Withdrawn materials are marked “discarded” and may be sold to the public at the Friends’ book sales. All items, regardless of medium, not selected for inclusion in the book sales, may be donated to suitable organizations or disposed of as recycled waste regulations permit.
Resources
Recognizing that budget levels will vary and may require a flexible approach to the addition of new materials during each budget year, it is the aim of the Libraries to budget 10% of the annual operating budget for the addition of new material to the collection.
The materials budget will be allocated across all formats and collections in a manner that provides sufficient resources to both the Main and Barney Library. General allocations of resources will be reviewed by the Executive Director with the Board annually.
The Farmington Libraries cannot purchase all materials requested; the Libraries extend their resources through cooperation with other libraries and networks. Library staff may suggest borrowing items from other libraries in the LCI Consortium or Interlibrary Loan sources such as FindITCT.org for items not included in the collection and will initiate a patron hold or interlibrary loan as requested.
Gifts/Donations
The Libraries welcome gifts of books and other materials for the collection and apply to them the same standards of selection that govern purchases. Gift materials are accepted with the understanding that those that meet the Libraries’ selection criteria may be retained, and those that do not may be redistributed to the Friends of the Farmington Libraries for sale, to other non-profit organizations, or may be disposed of in any way the Libraries deem appropriate. No conditions may be imposed relating to any gift after its acceptance by the Libraries. For more information about donations to the Libraries, see our Gift and Donation Policy on our website.
Intellectual Freedom and Controversial Material
The Farmington Libraries fully endorse the principles documented in the Library Bill of Rights, the Freedom to View Statement, and the Freedom to Read Statement of the American Library Association. Materials available in the library present a diversity of viewpoints, enabling patrons to make the informed choices necessary in a democracy.
The Libraries also select a wide variety of library materials that satisfy the diverse interests of our community. The Libraries uphold the right of the individual to access resources, even if the content may be controversial, unorthodox, or unacceptable to some.
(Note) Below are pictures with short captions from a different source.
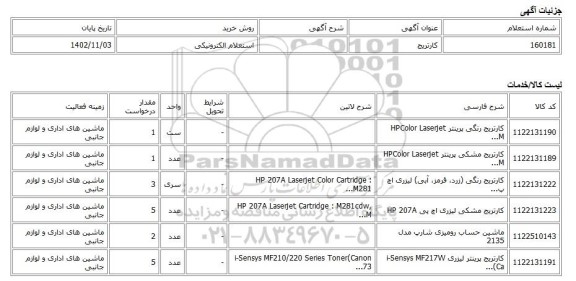 استعلام الکترونیکی، کارتریج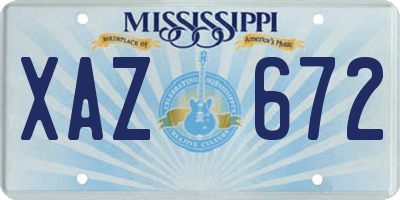 MS license plate XAZ672
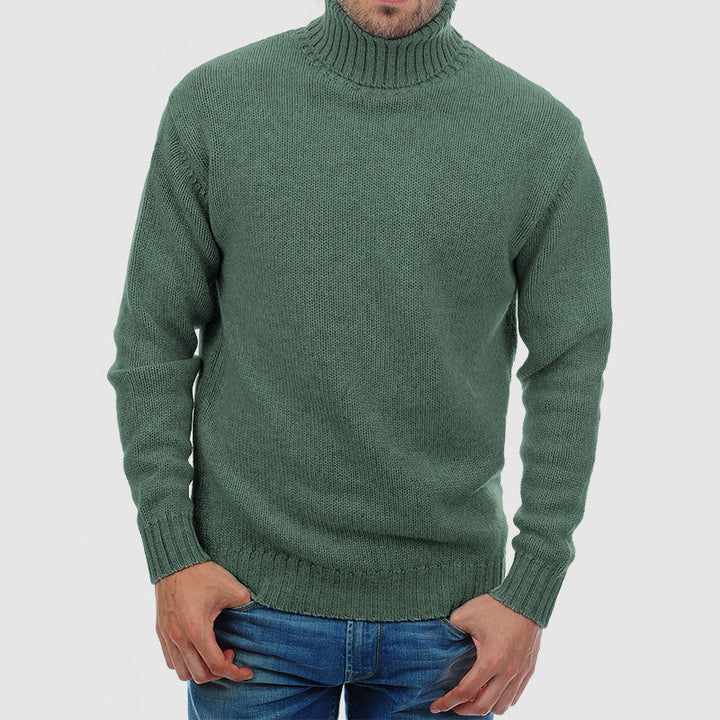Men's Chunky Roll Neck Jumper – Blakeney in Green, front view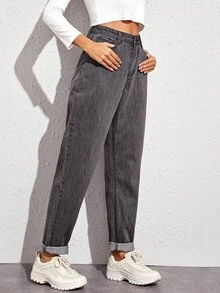 Solid Mom Jeans - Grey - View 5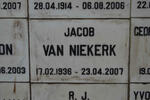 NIEKERK Jacob, van 1936-2007
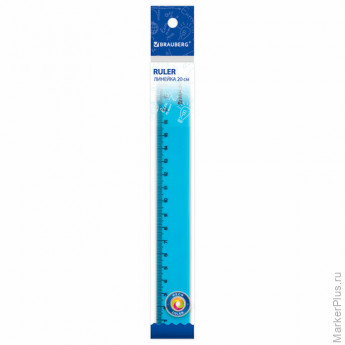 Линейка пластиковая 20 см BRAUBERG "NEON", непрозрачная, ассорти, 210773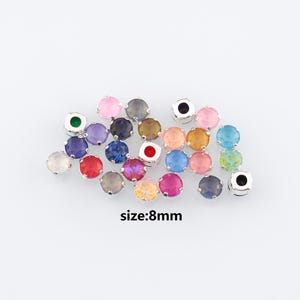 84pcs Multiple Colors Available Round Crystal in Claw,Sew-On Rhinestone,DIY Clothing Making Supply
The Libraries’ varied collection is available to all; however, it is not expected that every item in the collection will appeal to everyone.
Library Material Review and Reconsideration
The Farmington Libraries recognize the importance of hearing from the public regarding material selection. Farmington and Unionville residents may request reconsideration of library materials, displays or programs in accordance with our Review and Reconsideration Policy, available on our website.